To add some context, let's say from the 50s and back, if you didn’t like blacks, you could pretend to be bumped into by them on the street and punish them for that offense by lynching them. You got to choose how you wanted to do it. You could either do it in the moment or snatch them away at night.
These days, the strategy is different. The strategy is to get the Blacks to agree with you that they deserve such treatment.
You do this by working simultaneously on several fronts.
One way is to get the marginalized to agree that targeted policies like affirmative action disenfranchise them even further. You convince them that diversity programs are just as racist and demeaning. If you are going to be fair and equal, you have to be fair across the board. You convince them that other groups benefit the most from those programs anyway so get rid of them all.
You hire people to spout their talking points. You give almost no data - you use anecdotes and stories. You make up data if you have to and say it with authority. You give ad hominem attacks when questioned.
You remove the context. You negate the fact that historically people of color have been unrepresented in fields all across the workforce. Without context, it's easy to forget the reason for these programs exist in the first place. You don’t point to the data that these programs made a difference.
Without context, these laws don’t make any sense. No one brought up the fact that there was a need for Affirmative Action, the Fair Housing Act, and DEI in the first place. In some schools around the country, you aren’t allowed to talk about America's sullied racial history.
You continue to bombard them with images and stories of the most negative possible human traits. This way, you start to infect their minds until they start believing that this is all they know. You get them tired of talking about the past. The best way to alter the past is to get people to stop talking about it so you can rewrite the history.
You talk about the positive benefits of slavery. You remove the ability to educate young people about history.
You get them to believe that if you are a bad person, you deserve the harshest punishment possible. If you are a drug addict and don’t comply, you deserve to get choked out. If you are just a regular-regular person and don’t comply, you deserver whatever justice is meted out to you at the moment.

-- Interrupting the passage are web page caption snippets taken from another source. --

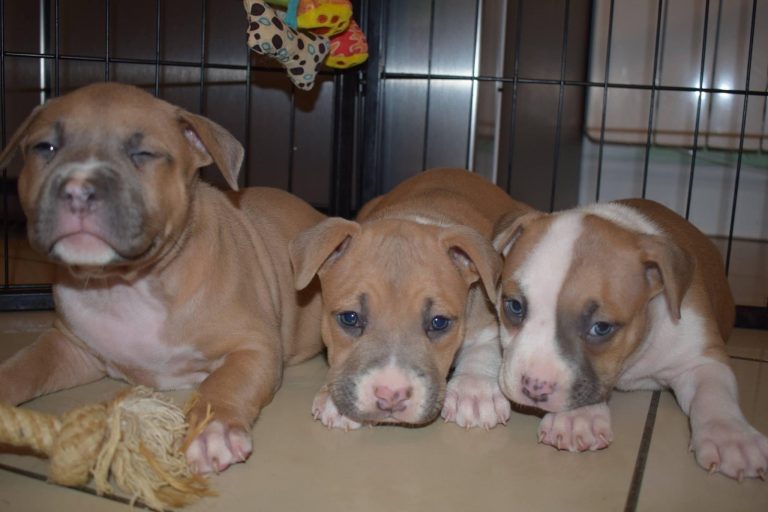 7FE37F28-37A8-439D-B52D-2BB4BDC0FE42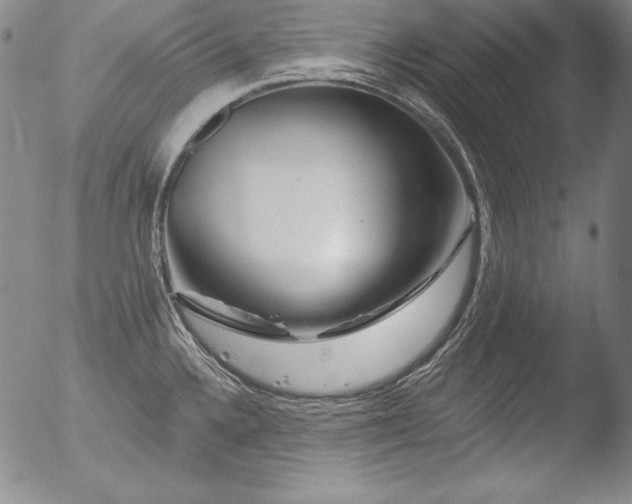 X0000051861336200507081813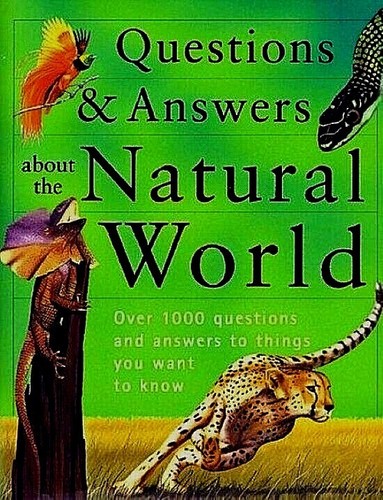 Questions answers about - questions,
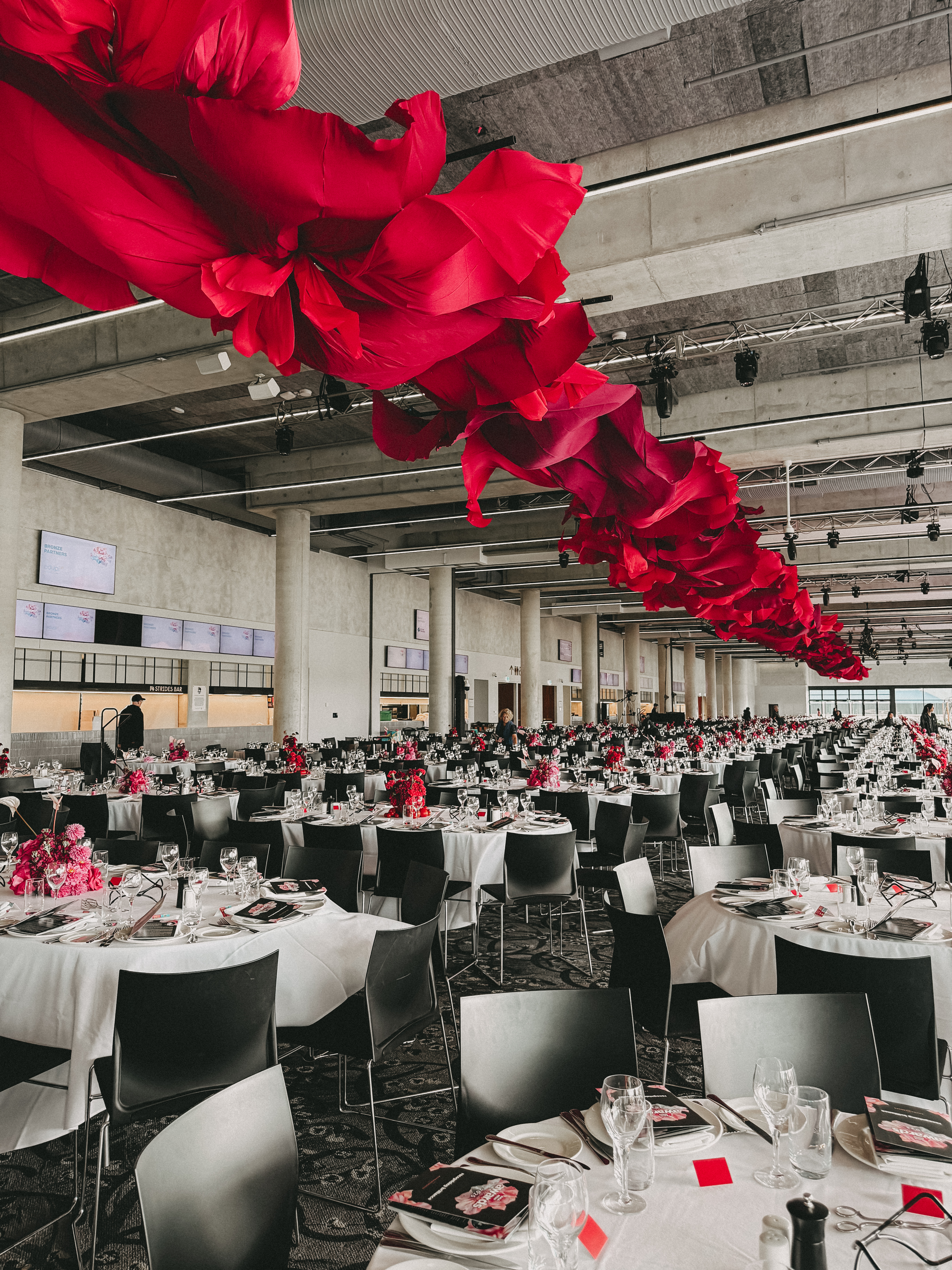 80m Ceiling Installation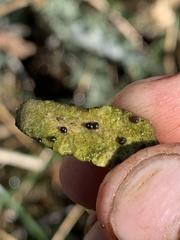 Pyrgulopsis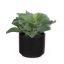 Picture of Potted Succulent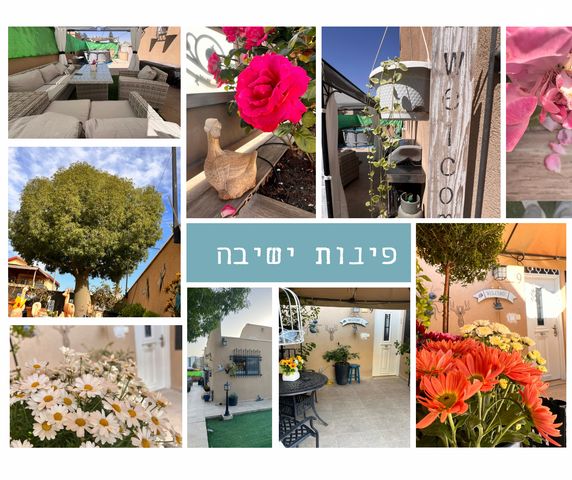 חלמונית 9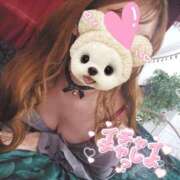 ヒメ日記 2025/12/20 07:50 投稿 なな 若妻淫乱倶楽部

You use backward logic. Talking about racism and pointing to racist activity is an act of racism now. It’s very similar to sports. If I talk about a game, that means that I am playing the game myself. By calling you a football player I, too am a football player.
Does that make sense to you? If it does, you probably think that I am a racist because of how much I talked about the perils of and the modern-day cultivation of anti-Blackness. Sorry, not sorry.